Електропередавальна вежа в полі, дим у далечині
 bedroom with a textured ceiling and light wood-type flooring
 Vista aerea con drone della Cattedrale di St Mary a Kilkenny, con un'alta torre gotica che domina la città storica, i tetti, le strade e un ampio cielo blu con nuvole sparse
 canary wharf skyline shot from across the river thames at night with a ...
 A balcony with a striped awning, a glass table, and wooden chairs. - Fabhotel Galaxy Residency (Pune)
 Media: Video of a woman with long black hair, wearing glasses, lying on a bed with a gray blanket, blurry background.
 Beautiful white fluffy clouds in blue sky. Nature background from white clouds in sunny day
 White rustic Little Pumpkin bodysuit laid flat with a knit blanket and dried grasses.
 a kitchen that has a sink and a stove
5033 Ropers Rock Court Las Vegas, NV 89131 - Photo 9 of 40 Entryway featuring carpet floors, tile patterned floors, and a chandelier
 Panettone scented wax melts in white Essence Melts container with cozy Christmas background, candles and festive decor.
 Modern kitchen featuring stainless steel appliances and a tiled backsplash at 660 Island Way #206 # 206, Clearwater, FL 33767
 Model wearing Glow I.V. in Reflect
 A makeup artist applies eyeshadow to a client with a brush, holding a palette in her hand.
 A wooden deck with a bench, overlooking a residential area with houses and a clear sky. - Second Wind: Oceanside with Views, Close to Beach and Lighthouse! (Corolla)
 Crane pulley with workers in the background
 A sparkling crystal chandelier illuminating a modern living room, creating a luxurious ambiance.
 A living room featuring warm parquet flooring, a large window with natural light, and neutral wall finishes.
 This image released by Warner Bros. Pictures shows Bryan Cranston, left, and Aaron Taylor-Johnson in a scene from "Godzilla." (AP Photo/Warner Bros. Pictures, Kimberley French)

————————

--- TO DO ---
Transcribe the records above from the line holding "bedroom with a" down to the line holding "Media: Video of", inclusive, without adding anything.

--- FINISHED EXERCISE ---
 bedroom with a textured ceiling and light wood-type flooring
 Vista aerea con drone della Cattedrale di St Mary a Kilkenny, con un'alta torre gotica che domina la città storica, i tetti, le strade e un ampio cielo blu con nuvole sparse
 canary wharf skyline shot from across the river thames at night with a ...
 A balcony with a striped awning, a glass table, and wooden chairs. - Fabhotel Galaxy Residency (Pune)
 Media: Video of a woman with long black hair, wearing glasses, lying on a bed with a gray blanket, blurry background.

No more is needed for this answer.